Sidang Notaris Edhi, Pieter Talaway: Keterangan Saksi Menunjukan Kebohongan Pelapor

SURABAYA (Realita)- Sidang lanjutan dugaan pemalsuan surat dengan terdakwa Notaris Edhi Susanto dan dan Feni Talim (istri Edhi Susanto) digelar di Pengadilan Negeri (PN) Surabaya, Kamis (7/7/2022). Dalam sidang ini menghadirkan saksi mantan pegawai Notaris Edhi Susanto dan pegawai PNS BPN Surabaya 2.

Dihadapan majelis hakim, saksi Ninik Hartini (56) yang merupakan mantan pegawai Notaris Edhi Susanto dibagian penerima tamu, menjelaskan serta menerangkan kepada pihak yang ingin bertemu Notaris, dan mempertemukan tamu itu dengan Notaris.

Baca Juga: Notaris Edhi Susanto Divonis Bersalah, Ronald Talaway; Menyesalkan Putusan Hakim

Saat ditanya Jaksa Penuntut Umum (JPU) Rakhmad Haru Basuki, apakah saksi juga bertugas mengetik dokumen serta menyimpan arsip dan lain sebagainya yang berhubungan dengan kenotariatan? 

Menjawab pertanyaan itu, saksi Ninik mengakui, untuk mengetik dokumen, saksi menjawab iya. Dan saksi kembali menjelaskan, dokumen yang ia ketik banyak, termasuk adanya dokumen-dokumen yang harus direvisi.

"Kalau mengenai perjanjian-perjanjian tidak, karena ada bagiannya sendiri. Kalau surat kuasa, siapapun bisa mengetiknya selama ada lampiran dari notaris," terang Ninik.

Saksi Ninik kemudian menjelaskan, mengenai surat kuasa, ia pernah diperintah notaris untuk mengetiknya. 

Jaksa Rakhmad Hari Basuki kemudian bertanya ke saksi Ninik, apakah pernah ada klien kantor Notaris Edhi Susanto yang bernama Hardi Kartoyo, Itawati Sidharta dan Tiono Satria Dharmawan? 

Menjawab pertanyaan penuntut umum ini, saksi Ninik menjelaskan, sekitar tahun 2017, Hardi Kartoyo datang ke kantor Notaris Edhi Susanto kemudian menyerahkan tiga sertifikat.

"Namun, waktu itu, Hardi tidak bersama istrinya dan istri Hardi yang bernama Itawati tidak pernah didatangkan," kata Ninik.

Dari tiga sertifikat yang diserahkan tersebut, lanjut Ninik, salah satunya terkena pemotongan jalan atau reeland Jalan Kenjeran Surabaya.

"Hardi sendiri sudah menerima ganti rugi atas pemotongan jalan itu.
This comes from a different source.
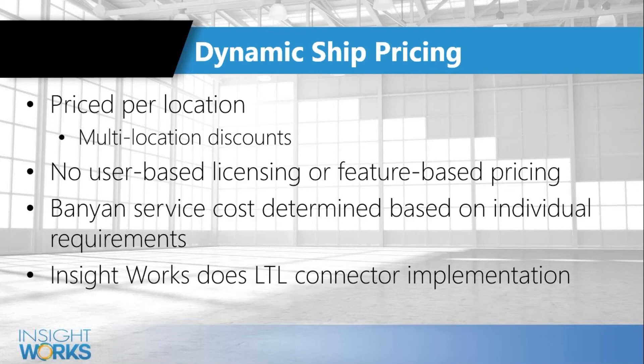You install Dynamic Ship from AppSource (or via your partner for on-prem), do a quick basic setup, plug in the LTL connector, get set up on Banyan, and you're rate shopping and dispatching electronically — no phone calls to carriers needed. Automated customer emails with tracking information mean customers won't be calling you either. The Banyan integration is also likely to save you significant money on freight costs.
Ia datang ke kantor notaris untuk diproses sertifikat itu," jabarnya.

Karena di Bank JTrust, lanjut saksi Ninik, sertifikat yang belum dipotong dengan logo bola dunia. Berdasarkan Peraturan Pemerintah (PP) dari Badan Pertanahan Nasional (BPN) harus mengganti sertifikat tersebut.

Pada persidangan ini, saksi Ninik menjelaskan bahwa Hardi telah menerima uang sebesar Rp. 500 juta, dan pembeli juga sudah mengganti uang-uang charge sebanyak Rp. 150 juta sehingga total uang yang sudah diterima Hardi Kartoyo sebanyak Rp 650 juta.

Hakim Suparno yang ditunjuk sebagai Ketua Majelis kemudian bertanya ke Ninik, dari tiga sertifikat yang diserahkan ke Notaris Edhi Susanto, apakah ada pengurangan luas tanah? 

Saksi Ninik kemudian menjawab, yang satu tidak, sedangkan yang dua ada pengurangan luas. 

Kepada Hardi Kartoyo, apakah Notaris Edhi ada meminta syarat-syarat untuk dilakukan checking? Saksi Ninik menjawab harus ada lampiran dari BPN.

Sejak Hardi Kartoyo menerima uang sebesar Rp 500 juta, saksi Ninik menjelaskan, bahwa Notaris Edhi sudah menyiapkan perjanjian. 

Dan dalam membuat perjanjian yang telah disiapkan Notaris Edhi itu, saksi Ninik kembali menjelaskan, Itawati Sidharta yang merupakan istri Hardi Kartoyo, harus dihadirkan.

"Sampai terjadi masalah seperti ini, Itawati tidak pernah didatangkan ke kantor Notaris Edhi Susanto," kata Ninik. 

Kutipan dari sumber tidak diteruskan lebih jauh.